We has..............

`2Mg(s) + O_2(g) rarr 2MgO(s)` `DeltaH^@""_"rxn"=-1204*kJ*mol^-1` `(i)`

To make the arithmetic a bit easier we could write........

`Mg(s) + 1/2O_2(g) rarr MgO(s)` `DeltaH^@""_"rxn"=-602*kJ*mol^-1` `(ii)`

I am CLEARLY free to do this because `DeltaH^@` is quoted `"per mole of reaction as written.........."`

And so we combust a `(2.4*g)/(24.3*g*mol^-1)=0.0988*mol` quantity of metal.
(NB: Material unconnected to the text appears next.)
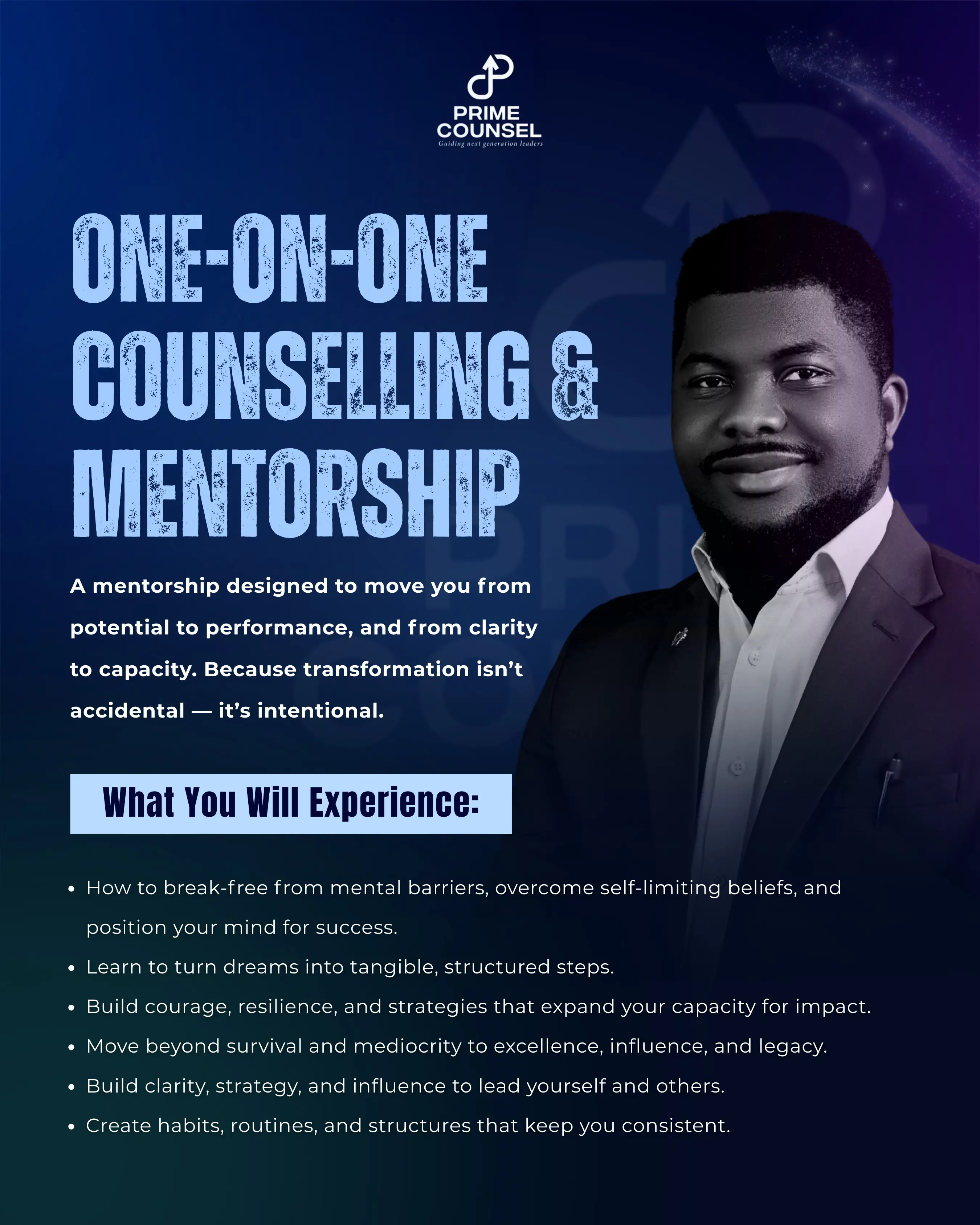 One-on-One Mentorship & Counselling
And thus for the given molar quantity of magnesium, `DeltaH_"rxn"=0.0988*cancel(mol)xx-602*kJ*cancel(mol^-1)=-59.5*kJ`

So, in effect, we have treated enthalpy as a stoichiometric product of the reaction (which indeed it is!). And if `-96.0*kJ` energy are generated, with respect to `MgO`, this requires a molar quantity of `(-96.0*kJ)/(-602*kJ*mol^-1)=0.159*mol` of rxn `(ii)`, i.e. `0.159*molxx24.3*g*mol^-1=3.88*g` with respect to magnesium metal.

And when `7.5*g` metal are combusted, this should result in a heat output of ..........................

`(7.5*g)/(24.3*g*mol^-1)xx-602*kJ*mol^-1=-185.8*kJ`

Finally, you have proposed that a given mass of `MgO` is decomposed to magnesium metal, and oxygen gas. Clearly, the energy here must be supplied to the system for decomposition. Can you handle this yourself?